25 de mayo de 2015

Desembocadura del Guadalhorce














Hacía ya unos veinticinco años desde la última vez que estuve en esta zona y los buenos recuerdos me hicieron elegirla como una ruta para hacer senderismo de unos quince kilómetros entre ida y vuelta. A pesar de haber partido del Unicaja esa misma mañana, no hubo demasiado problema para aparcar el coche en Sacaba Beach y, recorriendo algo de playa entre toallas y sombrillas, mi amiga Teresa y yo comenzamos a andar por el camino del lateral derecho.

Nos cruzábamos con familias y grupos de amigos, viendo cosas tan curiosas como un remolque de bicicleta donde el niño dormía plácidamente mientras sus padres pedaleaban. Mirando hacia la izquierda, en la zona aún más cercana al río, se veían cabezas en movimiento y, supuestamente, con el resto de sus respectivos cuerpos tapados por la baja vegetación. Lo que no pudimos ver fueron el puente peatonal y los observatorios de aves habilitados en el otro brazo del río, por la entrada de Guadalmar.

Cuanto más nos íbamos alejando de la playa menos gente nos íbamos encontrando, y alternábamos nuestra caminata entre donde comenzamos y el ya citado sendero más cercano al río. Entre la autovía y la antigua carretera nacional, a la altura de la Depuradora del Guadalhorce, un hombre leía tranquilamente sentado sobre unas de las rocas mientras sus perros disfrutaban las charcas de alrededor.

Entre conversaciones varias y fotografías a cada paso (no puedo evitarlo), siempre acompañados de cánticos de los pájaros (y también de los aviones aterrizando), dejando el Aeropuerto de Málaga a un lado y el Polígono Guadalhorce al otro, terminamos viendo un gasoducto/oleoducto (tubería de acero) que daba una buena sombra. Decidimos hacer una parada para almorzar, aunque uno de los caballos que allí se hallaban, muy taurino él, nos terminó obligando a comer en un tendido de "sol y sombra".
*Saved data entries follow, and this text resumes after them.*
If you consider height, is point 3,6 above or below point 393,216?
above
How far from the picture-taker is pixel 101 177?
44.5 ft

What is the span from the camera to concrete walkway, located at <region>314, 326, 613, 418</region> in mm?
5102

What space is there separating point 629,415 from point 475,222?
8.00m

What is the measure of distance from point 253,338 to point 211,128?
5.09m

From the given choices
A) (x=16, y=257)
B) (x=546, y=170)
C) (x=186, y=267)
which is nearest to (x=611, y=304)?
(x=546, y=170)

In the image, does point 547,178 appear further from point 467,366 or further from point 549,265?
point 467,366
A la altura de una calle llamada Carretera Chopo, de sólo una ristra de casas adosadas y antiguas, había en el río un par de pequeños saltos donde algunas familias hacían su sobremesa improvisada mientras sus niños se bañaban y se lo pasaban pipa. Cerca de allí, en un área donde el río se hacía más ancho y tranquilo, una caballada se refrescaba en aquel remanso de paz.

Tras pasar por debajo de la hiperronda encontramos una bifurcación, además de un camino sin salida. En el único lugar donde encontramos varias estacas con el logotipo de la Gran Senda de Málaga es precisamente donde no sabíamos por donde había que continuar. En cualquier caso, ya habíamos llegado al punto medio de nuestra ruta, con lo que nos volvimos de camino a la meta.
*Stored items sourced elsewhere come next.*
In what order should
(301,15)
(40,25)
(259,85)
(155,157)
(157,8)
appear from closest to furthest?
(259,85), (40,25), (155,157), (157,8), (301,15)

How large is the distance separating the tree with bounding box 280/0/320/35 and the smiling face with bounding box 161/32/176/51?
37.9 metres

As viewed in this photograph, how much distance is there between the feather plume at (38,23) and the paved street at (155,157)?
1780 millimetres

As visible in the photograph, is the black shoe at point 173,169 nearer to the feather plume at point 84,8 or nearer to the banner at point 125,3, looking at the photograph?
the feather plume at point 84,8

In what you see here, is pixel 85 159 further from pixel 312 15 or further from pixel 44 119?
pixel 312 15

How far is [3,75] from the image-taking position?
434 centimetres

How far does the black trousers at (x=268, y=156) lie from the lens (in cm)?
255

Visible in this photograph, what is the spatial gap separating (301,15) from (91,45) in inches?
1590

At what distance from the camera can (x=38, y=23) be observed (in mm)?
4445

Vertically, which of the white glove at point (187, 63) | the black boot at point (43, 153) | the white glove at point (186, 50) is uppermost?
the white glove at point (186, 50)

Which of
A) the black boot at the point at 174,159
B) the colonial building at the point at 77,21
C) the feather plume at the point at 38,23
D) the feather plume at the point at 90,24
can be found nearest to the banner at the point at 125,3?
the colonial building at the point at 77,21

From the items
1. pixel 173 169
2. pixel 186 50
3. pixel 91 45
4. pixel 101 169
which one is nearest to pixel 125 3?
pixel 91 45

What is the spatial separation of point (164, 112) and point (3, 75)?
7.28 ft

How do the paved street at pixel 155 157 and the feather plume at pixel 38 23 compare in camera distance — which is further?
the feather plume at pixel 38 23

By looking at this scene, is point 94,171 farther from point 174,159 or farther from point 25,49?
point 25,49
De regreso nos fuimos encontrando tirados por el suelo paraguas, neumáticos, latas de cerveza e incluso váteres. Aparte de la educación nula de la población malagueña (aunque sería más correcto decir "de la chusma malagueña", pues yo soy malagueño y no actúo igual), es cierto que las instituciones podrían ponerse manos a la obra. Y hablo tanto de la Junta de Andalucía (de quien depende el Paraje Natural Desembocadura del Guadalhorce), como de la Diputación de Málaga (creadora a bombo y platillo de la Gran Senda de Málaga) y el Ayuntamiento de Málaga (en cuyo municipio está el citado paraje). Menos echarse flores y más inversión en vigilancia, vallado, limpieza, reforestación y demás.

Casi llegando a la playa para poner los pies en remojo, nos acercamos a algunas construcciones curiosas, como una pequeña chimenea y un curioso observatorio de piedra junto al mar. Un estupendo día de senderismo con una aún mejor compañía, sólo marcado por la vergüenza que a veces se siente por culpa de algunos que habitan en mi misma ciudad y los pseudopolíticos que los (que no "nos") representan.